"""

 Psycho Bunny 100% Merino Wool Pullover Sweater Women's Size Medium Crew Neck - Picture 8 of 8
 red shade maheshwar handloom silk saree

"""
"""

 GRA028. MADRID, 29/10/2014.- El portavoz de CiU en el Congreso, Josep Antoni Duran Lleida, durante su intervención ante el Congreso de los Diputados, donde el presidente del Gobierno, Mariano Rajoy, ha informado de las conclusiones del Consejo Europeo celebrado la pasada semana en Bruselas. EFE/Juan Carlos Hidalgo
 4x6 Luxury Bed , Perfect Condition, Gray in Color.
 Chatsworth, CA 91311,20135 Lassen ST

"""

TO DO: Of the lines above, extract only those from the line with "GRA028. MADRID, 29/10/2014.- El" to the line with "Chatsworth, CA 91311,20135 Lassen ST", both included, exactly as written.

ANSWER TO THE PROBLEM:
 GRA028. MADRID, 29/10/2014.- El portavoz de CiU en el Congreso, Josep Antoni Duran Lleida, durante su intervención ante el Congreso de los Diputados, donde el presidente del Gobierno, Mariano Rajoy, ha informado de las conclusiones del Consejo Europeo celebrado la pasada semana en Bruselas. EFE/Juan Carlos Hidalgo
 4x6 Luxury Bed , Perfect Condition, Gray in Color.
 Chatsworth, CA 91311,20135 Lassen ST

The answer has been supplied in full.